Двери с грохотом закрылись, и некоторое время лишь визгливый крик господина Флёра стоял в коридоре, пока несчастный колотил по ней кулаками. Потом все стихло. Словно бы старика кто-то заставил замолчать. Но Бриджит меньше всего сейчас переживала об отце.
Она Звала. Она стояла у открытого окна и Звала Того-Кто-Ходит-В-Ночи. Звала его сердцем, едва слышно шевеля губами. Ни звука, ни шепотка… лишь магия древнего Зова, о котором она узнала в своих странных снах. Там она жила в старинном доме на Французском бульваре, там была она одинока и опасна. Там она принадлежала самой себе. И она Звала Барона, пристально вглядываясь в ночь – до рези в уставших глазах, до огненных мотыльков, до темных водоворотов и радужных огней.
Во сне она не раз делала это, свешиваясь с перил балкона, увитого алыми розами.
Во сне она была королевой Призрачного Карнавала, и знала, как именно позвать мистера Смерть.
Во сне она была его мертвой невестой.
И ее звали – маман Бриджит. Она это точно помнила.
Но это было во сне, и это было легко и просто. А сейчас страх сковал сердце, руки дрожали, и казалось – еще мгновение, ноги подкосятся, и Бриджит срезанным цветком, мертвой лилией, упадет в объятия Иной ночи. И останется там навсегда.
Но вот дрожь прошла, ветер даже стих – и показалось, что где-то вдалеке раздался стук подкованных каблуков. И музыка – лихая, звонкая, карнавальная – плеснулась с той стороны мира. С Изнанки. Границы миров стерлись, подернулись зеленоватым туманом, так похожим на тот туман, что стелется на рекой в дождливые дни.
Страх прошел. Он исчез, будто его и не было. Веселье и хмельное ожидание чего-то чудесного – вот что было в сердце.
Бриджит удобно устроилась на подоконнике, подперев ладонями лицо.
– Ты пришел? – спросила она у сумрака.
Тишина. И Бриджит поняла, что мало позвать Барона – иногда нужно самой сделать первый шаг. Усмехнулась, сощурила глаза, отчего стала похожа на черную кошку. Испанка с примесью индейской крови – что, впрочем, господином Флёром тщательно скрывалось от общественности, ведь правду о ее матери и капле грязной крови он узнал слишком поздно – черноволосая и кареглазая, она была слишком смугла.
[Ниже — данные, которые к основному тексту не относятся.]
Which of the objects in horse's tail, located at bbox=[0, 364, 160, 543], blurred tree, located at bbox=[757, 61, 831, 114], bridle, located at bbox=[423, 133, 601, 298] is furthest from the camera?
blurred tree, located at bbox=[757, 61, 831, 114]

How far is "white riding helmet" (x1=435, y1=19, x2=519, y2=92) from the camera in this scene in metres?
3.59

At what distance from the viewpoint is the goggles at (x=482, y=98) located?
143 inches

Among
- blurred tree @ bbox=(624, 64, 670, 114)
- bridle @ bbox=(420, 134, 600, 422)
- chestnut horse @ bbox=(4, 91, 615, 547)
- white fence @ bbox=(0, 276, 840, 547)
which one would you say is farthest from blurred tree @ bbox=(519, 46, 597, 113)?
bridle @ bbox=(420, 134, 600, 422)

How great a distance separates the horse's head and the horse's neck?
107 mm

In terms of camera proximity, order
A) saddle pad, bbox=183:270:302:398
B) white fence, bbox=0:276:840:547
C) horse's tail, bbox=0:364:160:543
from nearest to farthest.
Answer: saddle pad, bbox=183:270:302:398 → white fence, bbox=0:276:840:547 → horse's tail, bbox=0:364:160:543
Но Нэйтону нравилась ее внешность дикарки и грива вьющихся волос, спадающих ниже талии. Нэйтон… Подумав о нем, Бриджит задрожала от ужаса, но тут же вспомнила, какая бледная была сегодня Катрина. Сестра умирала… и никто не сможет ей помочь.
– Забери меня! Слышишь? Я – твоя! – кричит Бриджит в ночь, боясь передумать. Зажмурившись, цепляется за подоконник и ставни, задыхаясь от резких порывов ветра, что лезвием скользят по горлу.
– Зачем ты мне? – прозвучало из тьмы – хрипловато, надсадно, будто говоривший простужен. – Твой срок еще не пришел.
– Но ты же явился на мой Зов? – Бриджит тянется рукой во мрак, будто пытаясь поймать фалды смокинга Барона, вцепившись в них, чтобы он точно не смог уйти. – Тогда забирай!
– А ты упряма! – смеется сумрак – громко, словно взрываются фейерверки.